TASK DATA
__________________________________________________

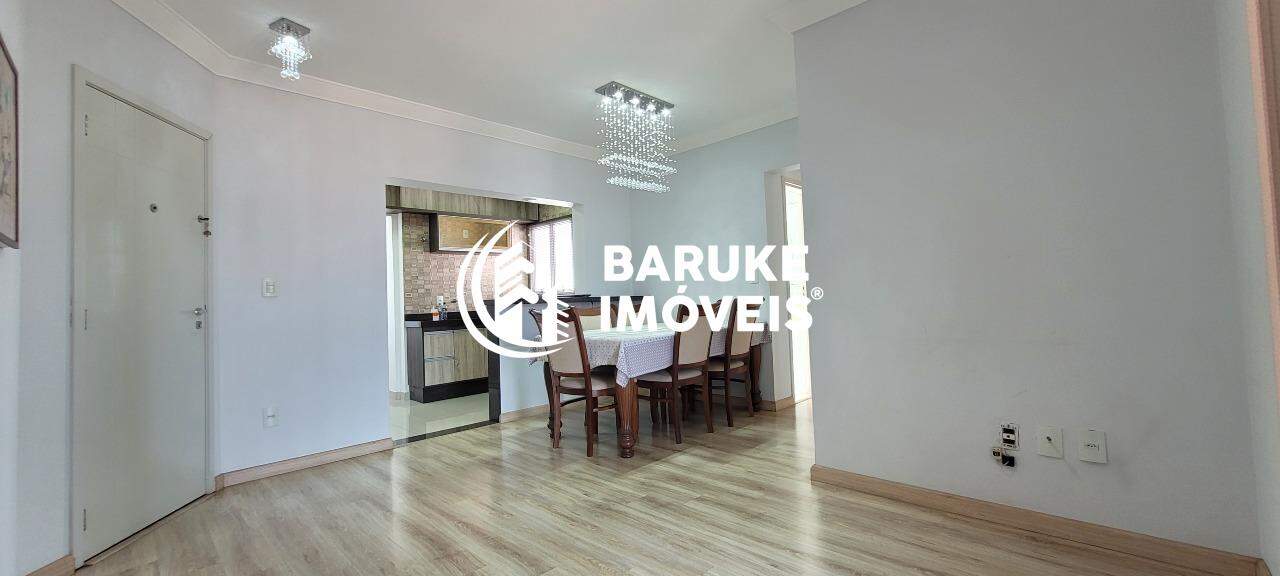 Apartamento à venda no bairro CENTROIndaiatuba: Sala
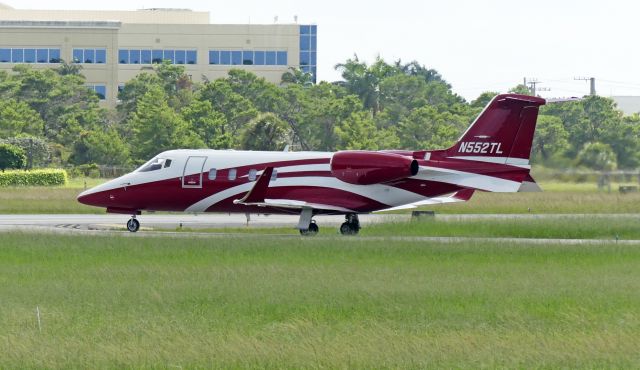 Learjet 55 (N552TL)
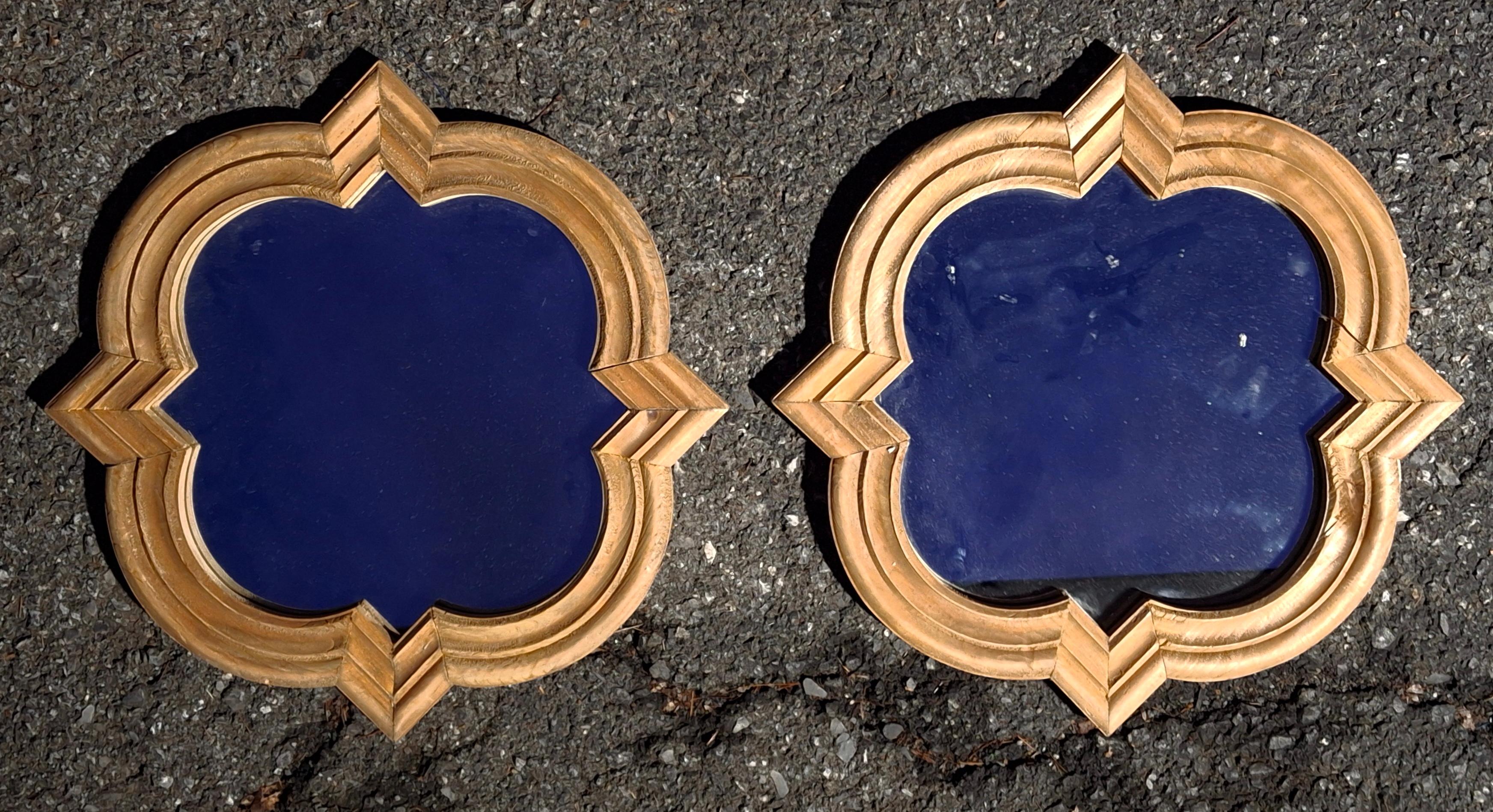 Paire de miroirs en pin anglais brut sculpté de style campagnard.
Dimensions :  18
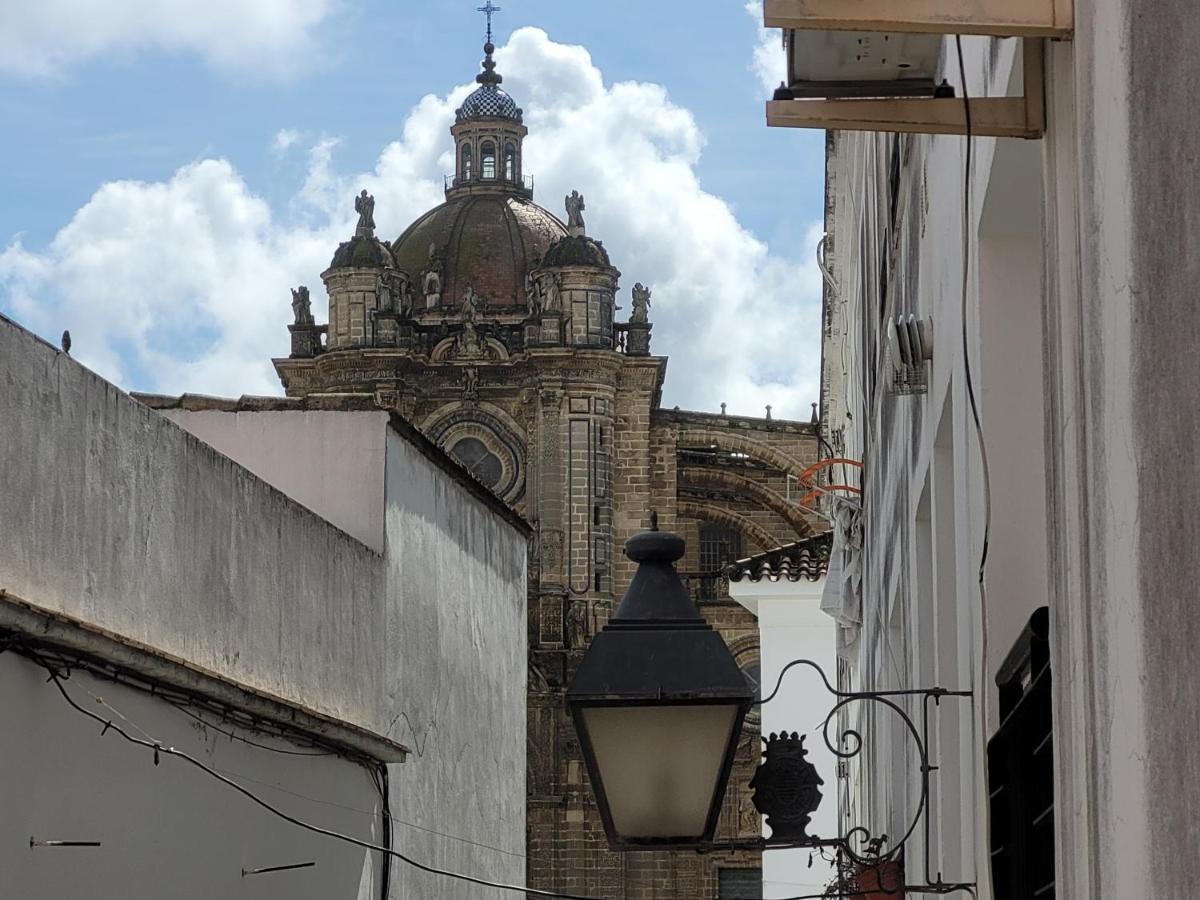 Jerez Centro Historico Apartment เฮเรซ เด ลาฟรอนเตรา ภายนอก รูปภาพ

__________________________________________________

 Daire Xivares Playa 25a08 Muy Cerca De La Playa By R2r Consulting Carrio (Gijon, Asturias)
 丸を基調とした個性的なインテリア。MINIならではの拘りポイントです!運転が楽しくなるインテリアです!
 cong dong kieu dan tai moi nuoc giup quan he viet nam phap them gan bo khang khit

__________________________________________________

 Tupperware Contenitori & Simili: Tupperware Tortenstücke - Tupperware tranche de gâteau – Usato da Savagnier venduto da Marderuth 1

__________________________________________________

PROBLEM TO SOLVE
Starting at the line above that contains "Daire Xivares Playa", write out each line exactly until the line that contains "cong dong kieu" has been written, and stop there.

SOLUTION TO THIS PROBLEM
 Daire Xivares Playa 25a08 Muy Cerca De La Playa By R2r Consulting Carrio (Gijon, Asturias)
 丸を基調とした個性的なインテリア。MINIならではの拘りポイントです!運転が楽しくなるインテリアです!
 cong dong kieu dan tai moi nuoc giup quan he viet nam phap them gan bo khang khit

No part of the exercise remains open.